Manuel non recita mai sopra le righe, appare sensibile ed espressivo come fosse un «ragazzino-prodigio» dello schermo. Merito anche della regista, Anna Bianchi, insegnante per 37 anni alla Scuola Primaria, dove per i filmati realizzati con i suoi allievi di Educazione all'Immagine, è stata premiata in Festival di Cortometraggi: Bergamo, Fano, Pontenure, Pordenone e Torino.
L'altra interprete principale, Francesca (Linda Scotti), è l'unica a capire Alin e lo ferma quando sta per gettare le scarpe da ginnastica nel Trebbia, dicendogli con tenerezza: «te le firmo io con il mio nome».

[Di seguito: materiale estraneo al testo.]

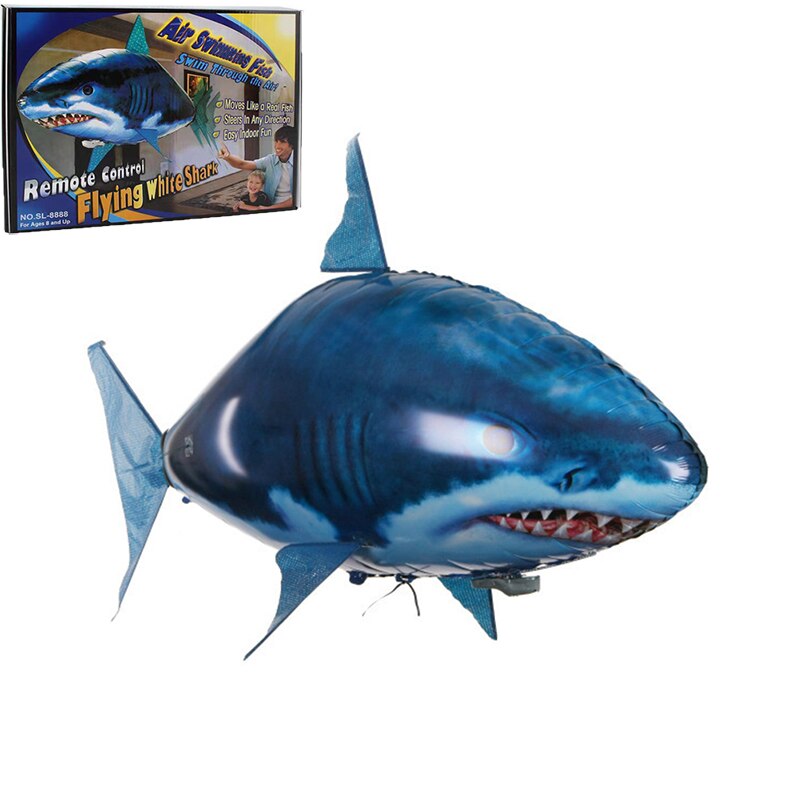 Remote Control Shark Air Swimming Fish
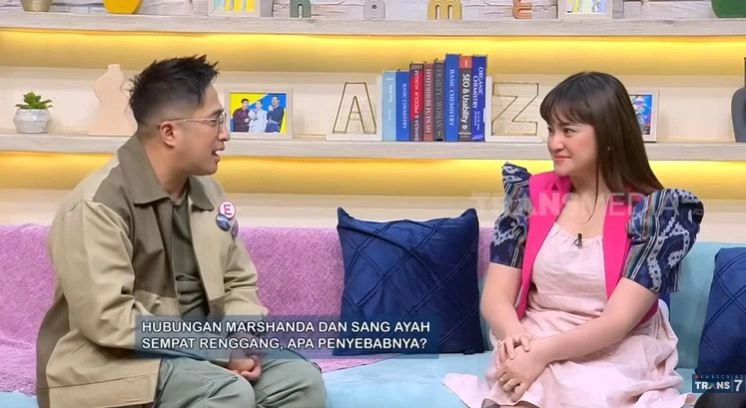 Marshanda Ungkap Detik Detik Irwan Yusuf Meninggal Dunia [Sumber: Youtube Trans7 Official]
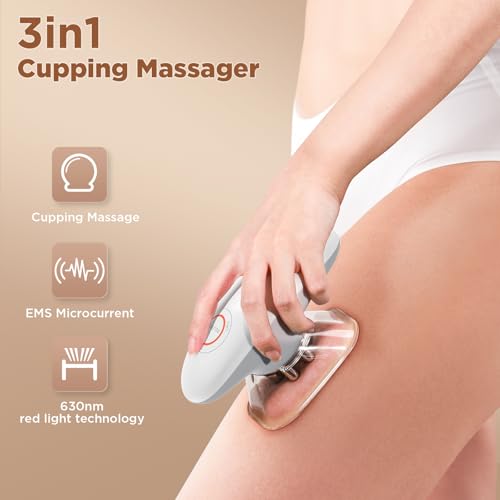 Thumbnail 1 de MYCARBON 3in1 Schröpfmassagegerät mit EMS und Rotlicht 🎛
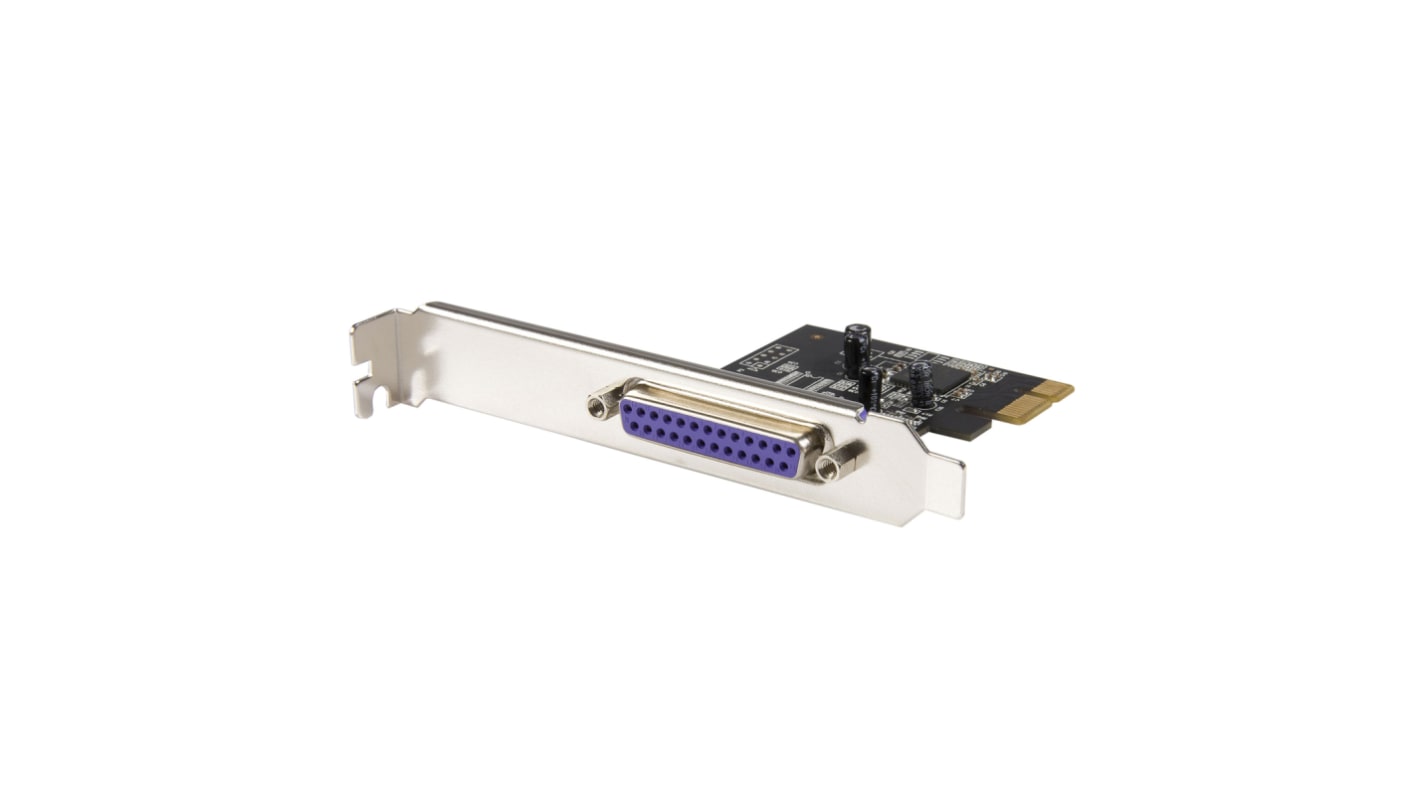 StarTech.com 1 PCIe LPT Parallel Serial Card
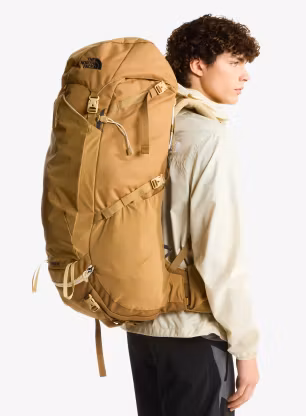 Trekový batoh The North Face Terra 65 - utility brown/khaki stone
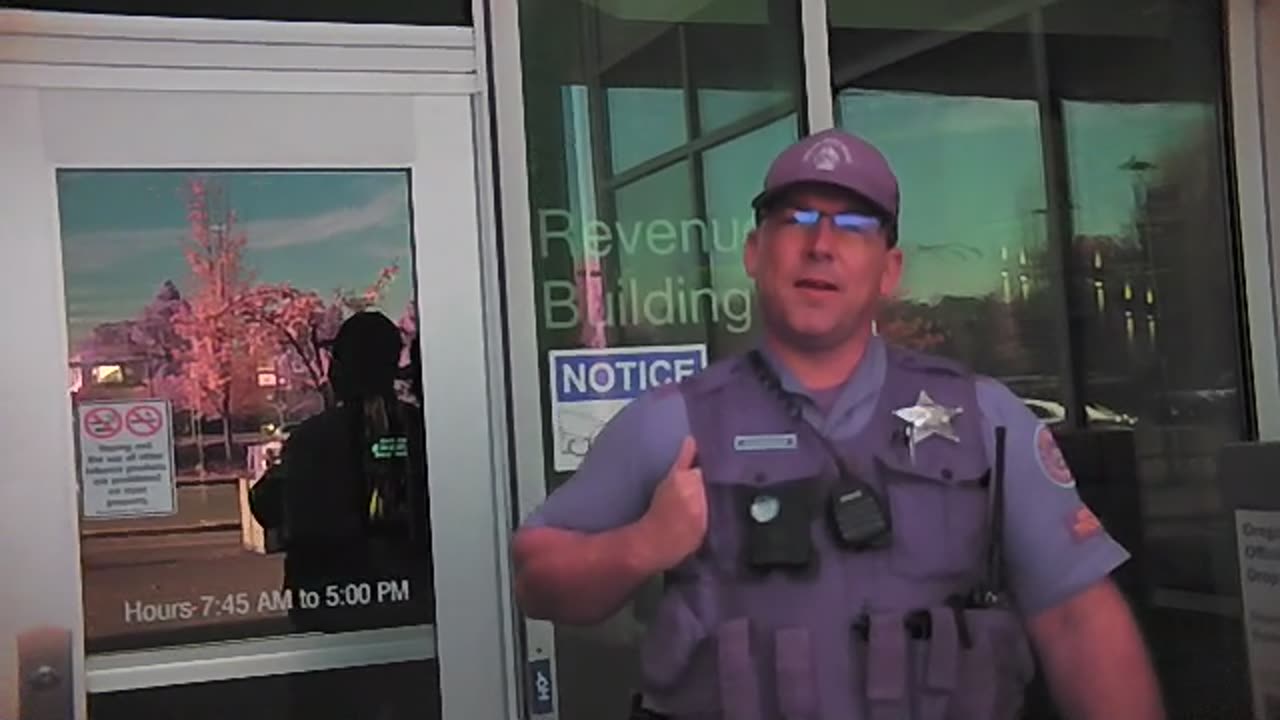 AUDITOR GETS KICKED OUT OF OREGON DEPARTMENT OF REVENUE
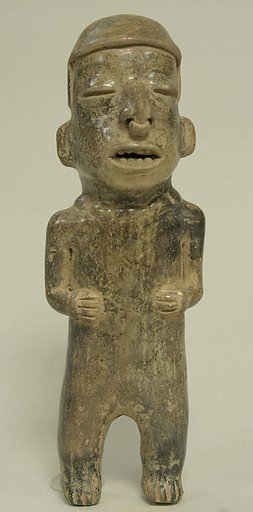 Standing Ceramic Male Figure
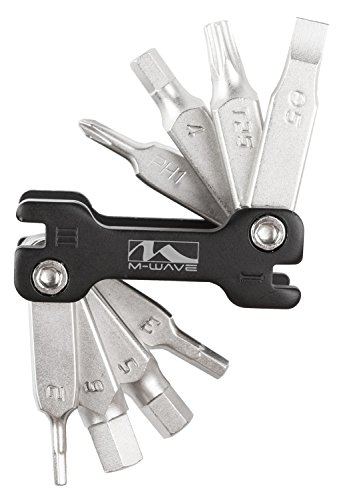 M-WAVE CLÉ MULTIUSAGE Mini 12 Fonctions - Bricolage & Outils Amazon France à 12.21€
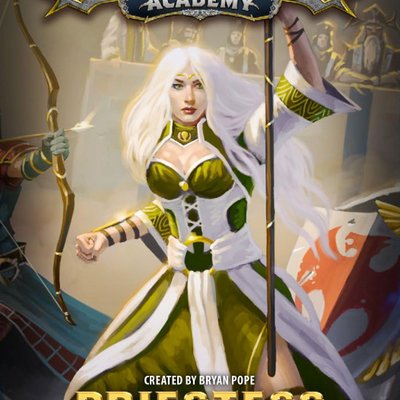 Mage Wars Academy: Priestess Expansion
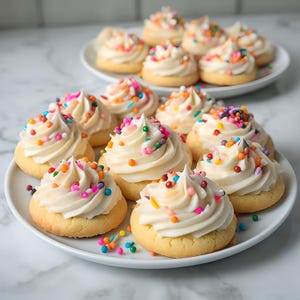 BEST RECIPE for Birthday Cake Cookies, Bakery Style Dessert, Printable Digital Download, Easy Homemade Treats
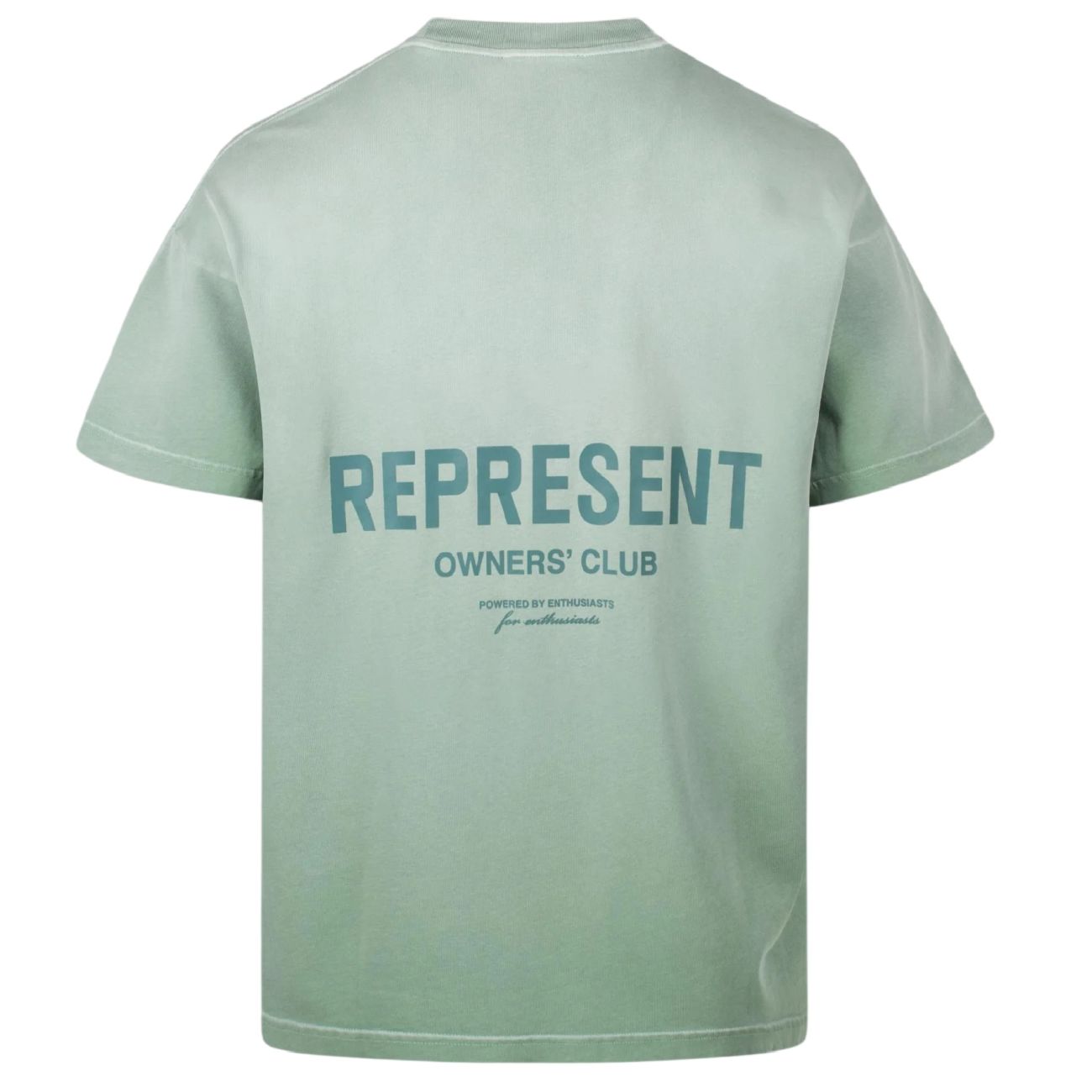 Represent Owners Club T-shirt Washed Grün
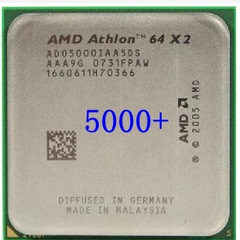 双核AMD5000+CPU 主频2.6MHz 940针 无断针少针  特价双核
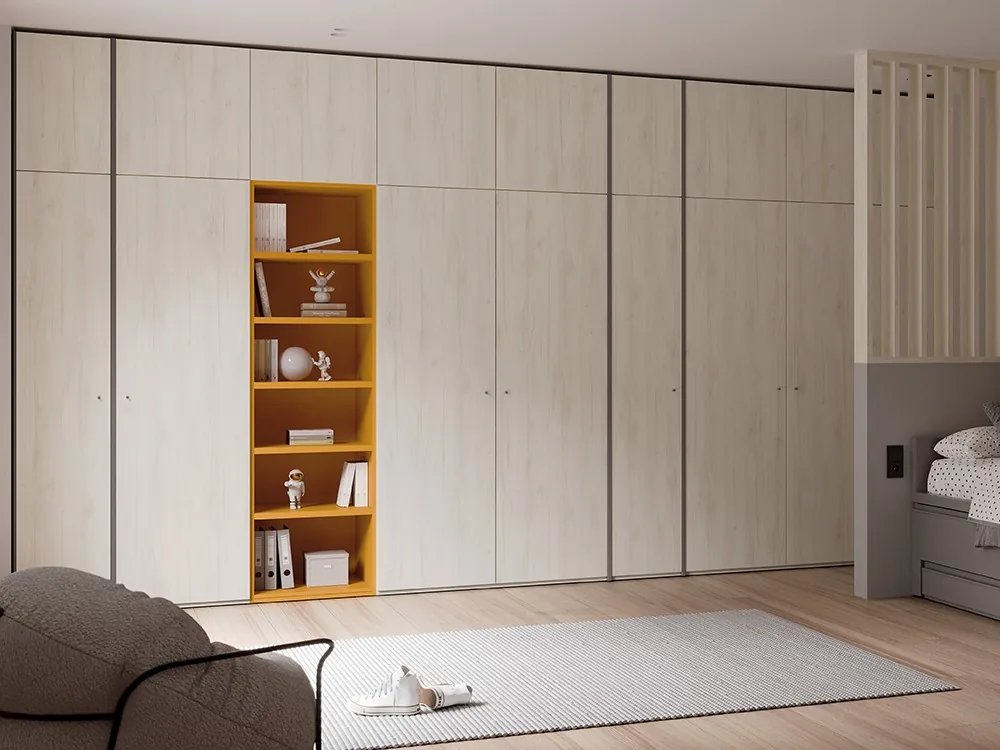 Armario juvenil con altillos 16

Protagonista silenzioso è il Trebbia con il paesaggio di Bobbio, dove nel finale in una splendida zummata da sotto l'arco più alto del Ponte Gobbo (forse costruito nel VII secolo dai monaci di S. Colombano) si coglie il dilatarsi del cielo, quasi una speranza. Ma ad emozionare basta l'inquadratura di un orto, di un mucchio di pietre ingentilite in cima da un ciuffo d'erba o dei semi di pioppo a volo nell'aria che sembrano accompagnare l'acqua in corsa del fiume. Immagine questa che ne riporta alla memoria una simile, e indimenticabile, del Gabbiano di Cechov nella regia televisiva di Marco Bellocchio che sul Trebbia aveva girato quella scena dei semi di pioppo.
Un paesaggio messo in risalto dall'umile bellezza dei fiori di campo, dalla varietà delle erbe aromatiche e sottolineato nel suo pregio da una ricca tradizione culinaria, che si avvale di tali ingredienti poveri. Tradizione che compare in un originale libro appena presentato a Bobbio: «Dulcis Amara - Stagioni di fiori e di vita» di Fede Ganimede Carboni. Raccoglie ricette bobbiesi, indica quali erbe e bacche danno sapori unici alle tagliatelle d'ortica, ai pinoli di menta, alla torta di castagne, al rosolio di rosa canina o al liquore di ginepro. «Ho sempre amato i fiori, specie quelli umili dei pascoli e dei boschi», scrive Fede che ama «coltivarli» al suo Mulino all'Erba Grassa. L'arte d'impastare il pane come si faceva una volta è insegnata da Fede in Corsi estivi presso il Mulino, situato andando verso il Penice sotto Santa Maria e sulle rive del torrente Bobbio che a valle si getta nel Trebbia; è dotato di due ruote, come solo quello di Ottone (ora in parte allestito a Museo), in tutto il circondario di Bobbio fino a Piacenza.
Il titolo del libro (pubblicato da ST.ART.UFO-Visual Studio del figlio, artista grafico e scultore) deriva dalle bacche di «dulcamara», solanum il cui uso medicinale iniziò nel XVI secolo.